Requirement
Could you set down exactly the lines of the data below, starting at the one that holds "Terreno à venda, 335m² - Foto 8" and ending at the one that holds "Sheld Ducks on mudflats (litho)", both included, and only those?

Dataset content
== Segment start ==

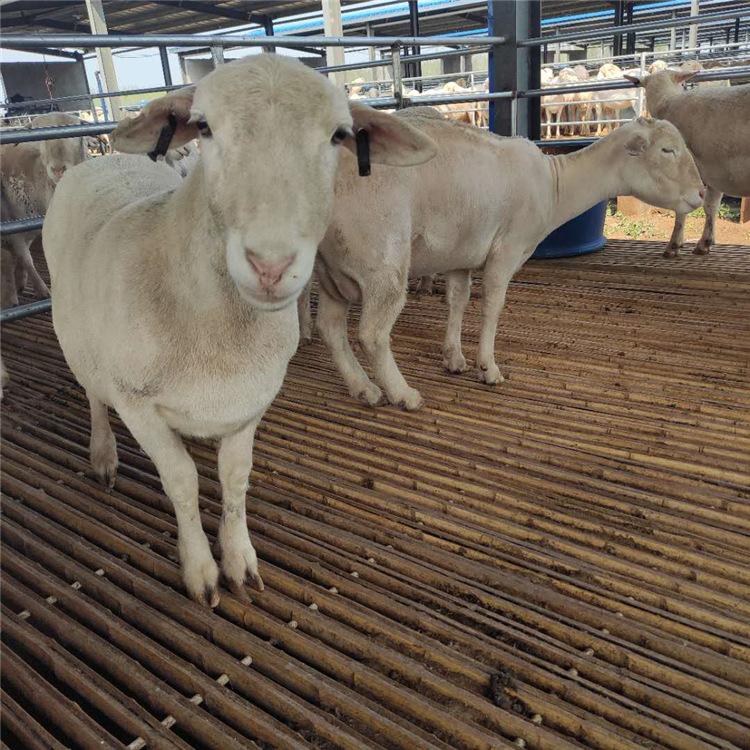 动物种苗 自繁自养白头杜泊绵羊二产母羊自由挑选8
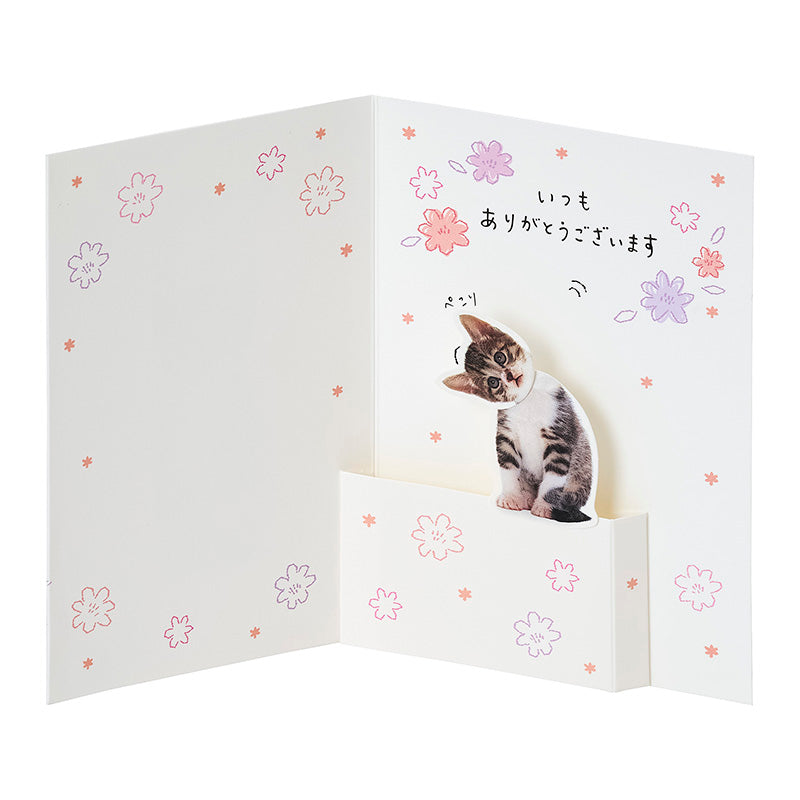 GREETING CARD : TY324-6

== Segment end ==
== Segment start ==

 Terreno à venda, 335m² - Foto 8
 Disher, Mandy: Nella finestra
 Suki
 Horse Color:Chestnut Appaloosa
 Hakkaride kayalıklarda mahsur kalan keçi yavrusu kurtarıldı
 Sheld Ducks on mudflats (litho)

== Segment end ==

Problem solution
 Terreno à venda, 335m² - Foto 8
 Disher, Mandy: Nella finestra
 Suki
 Horse Color:Chestnut Appaloosa
 Hakkaride kayalıklarda mahsur kalan keçi yavrusu kurtarıldı
 Sheld Ducks on mudflats (litho)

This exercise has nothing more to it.